Across the two counties, wildfire ravaged a combined 234,000 acres and consumed homes and businesses. Nearly every day brought more dramatic stories of firestorms raging out of control. Flagler County was the first in Florida’s history to face a countywide evacuation order. The iconic July 4 race in Daytona Beach was postponed.
There were no bystanders to this saga: Everyone lived with the resinous ash that clung to cars and windowsills, the often-choking stink of smoke hanging heavy in the air, the sight of little spark-ignited fires burning miles away from the major conflagrations. And the fear that the next spark would find their homes, their businesses.
Yet the community rallied. Local residents donned paper face masks and planned routes around roads closed due to smoke. They turned out to greet politicians (including President Bill Clinton), but reserved their warmest welcome for the thousands of firefighters who poured into this area.
Most of all, they learned. The first and harshest realization was that state and local officials had forgotten — or failed to understand — the lessons from the 1985 wildfires that ripped across this region even more destructively.

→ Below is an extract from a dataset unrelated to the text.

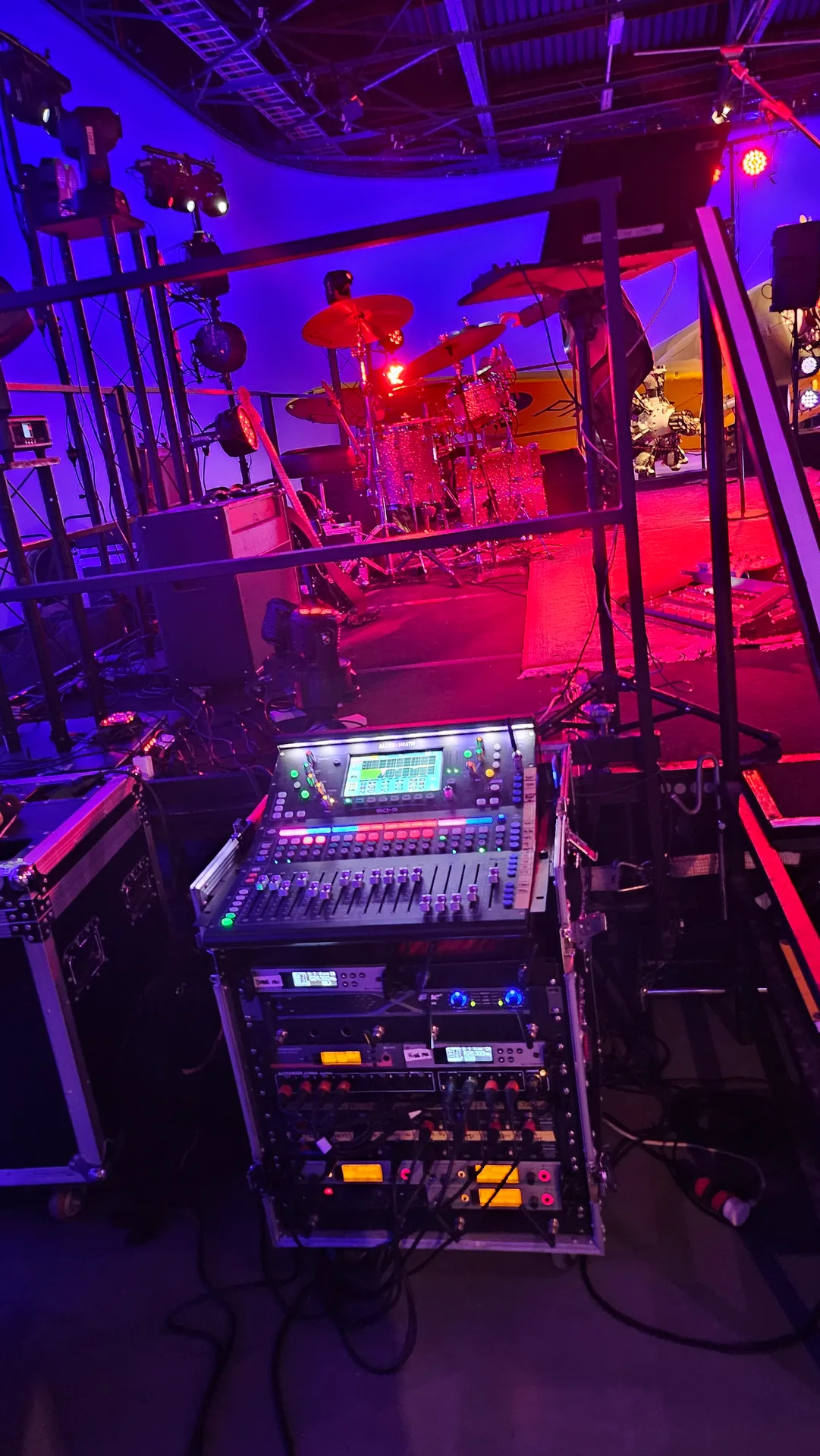 DangerBaby live 21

That prompted a long, hard look at what Florida should be doing differently. And in many ways, those lessons have stayed with Floridians. As documented by The News-Journal’s Dinah Voyles Pulver, state and local officials have been much more diligent over the past 20 years about conducting controlled burns — which clear out dried underbrush and make it less likely that lightning-sparked wildfires will reach the intensity to threaten homes. They’ve worked to formalize interagency coordination, drafting mutual-aid agreements and standardizing communications equipment so firefighters from different agencies can easily talk with each other. State and local governments have invested in more heavy equipment, including helicopters and bulldozers. Local officials learned to communicate through smartphones and social media about shifting threats — systems that truly came into their own during recent hurricanes.
And emergency managers have become far more adept at monitoring conditions, such as ground moisture, that contribute to fire risk.

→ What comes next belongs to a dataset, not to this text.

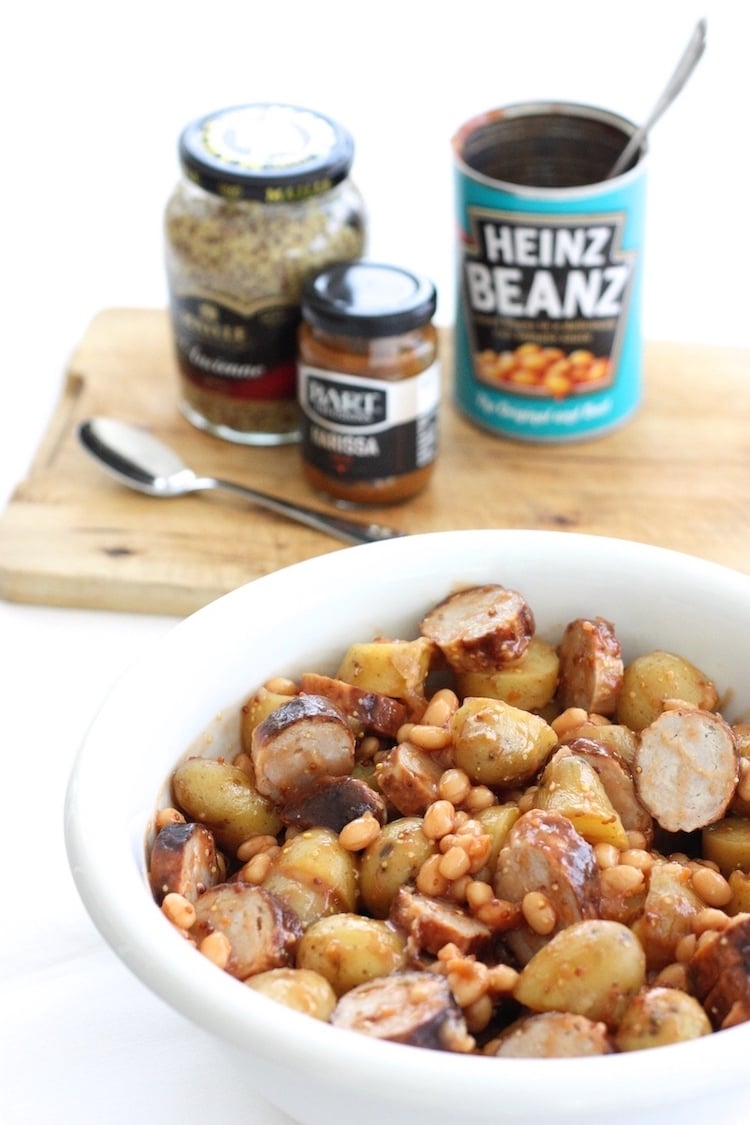Spicy sausages with beans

Still, it’s hard not to worry. If the firestorms were to ignite again, would Florida — would Volusia County, would Flagler County — be ready? What lessons have failed to sink in, and what more could Florida be doing to ensure the state is ready to face an active fire season?
One of the biggest challenges is education. Better public-awareness campaigns could help encourage simple preventative measures, especially for those who arrived after 1998.

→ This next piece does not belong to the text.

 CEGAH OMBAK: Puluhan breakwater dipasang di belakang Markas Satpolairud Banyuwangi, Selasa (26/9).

Florida should also re-evaluate the distribution of key firefighting infrastructure, particularly the status of its flotilla of heavy-duty firefighting equipment. Much of it is now a decade or more old.
Finally, state and local officials should be sure their firefighting plans reflect Florida’s ever-growing population, especially those areas where human development is pushing into once-wild areas. Homes and businesses on the edge of sprawling suburbs were the main battlefields in 1998.
Sooner or later, these preparations will be tested. As seen over the past years in California — and in statistical trends across the nation — wildfire is a pervasive and growing threat in the U.S., and many say Florida dodged a bullet in 2017, when conditions were right for catastrophic fires.
Volusia and Flagler counties pulled through in 1998, and if we have to, we’ll do it again. But those who remember the misery of that fiery summer should bolster the resolve to avoid a repeat.